Extracted records.
# # #

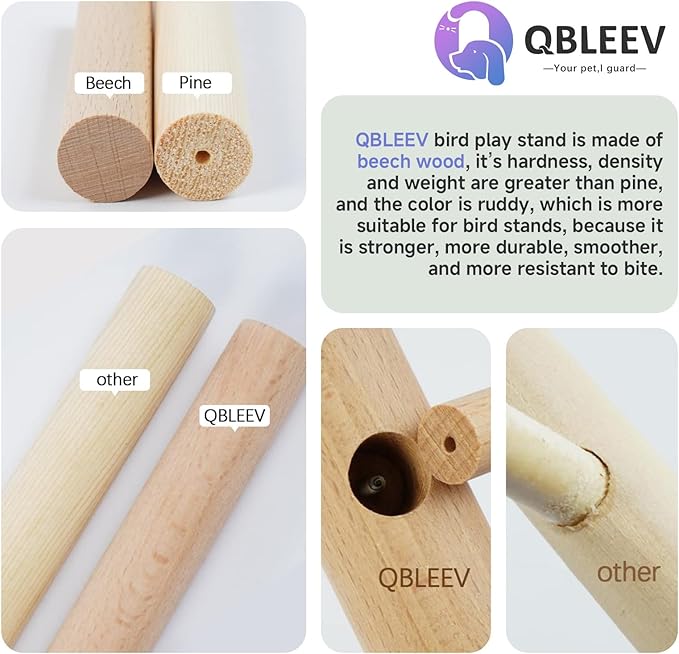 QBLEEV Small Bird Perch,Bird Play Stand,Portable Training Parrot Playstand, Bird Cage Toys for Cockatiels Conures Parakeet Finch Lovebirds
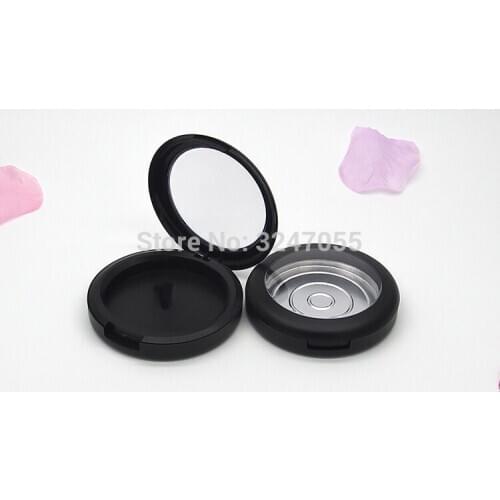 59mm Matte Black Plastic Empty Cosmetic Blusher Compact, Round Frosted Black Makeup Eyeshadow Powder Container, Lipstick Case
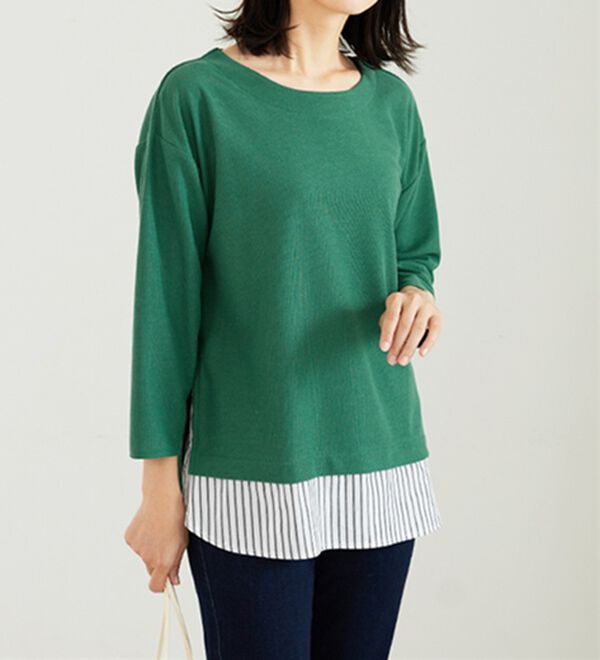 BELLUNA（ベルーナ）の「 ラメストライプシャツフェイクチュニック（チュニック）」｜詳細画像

# # #

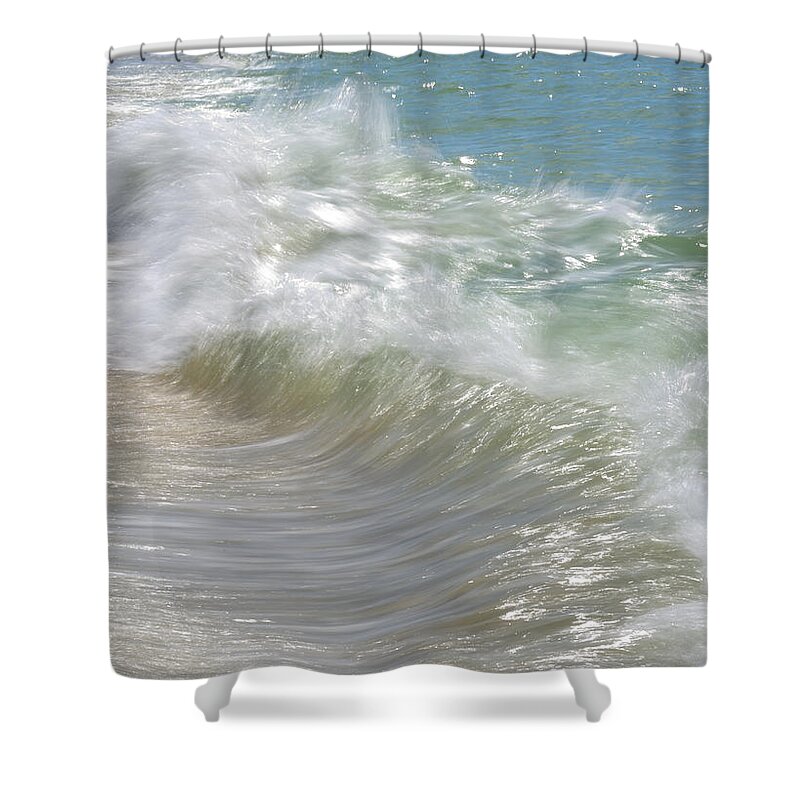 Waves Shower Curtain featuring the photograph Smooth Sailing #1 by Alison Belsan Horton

# # #

Going by the data above, give back only the lines from the one containing "QBLEEV Small Bird" through the one containing "BELLUNA（ベルーナ）の", exactly as they stand, both ends included and no images.

 QBLEEV Small Bird Perch,Bird Play Stand,Portable Training Parrot Playstand, Bird Cage Toys for Cockatiels Conures Parakeet Finch Lovebirds
 59mm Matte Black Plastic Empty Cosmetic Blusher Compact, Round Frosted Black Makeup Eyeshadow Powder Container, Lipstick Case
 BELLUNA（ベルーナ）の「 ラメストライプシャツフェイクチュニック（チュニック）」｜詳細画像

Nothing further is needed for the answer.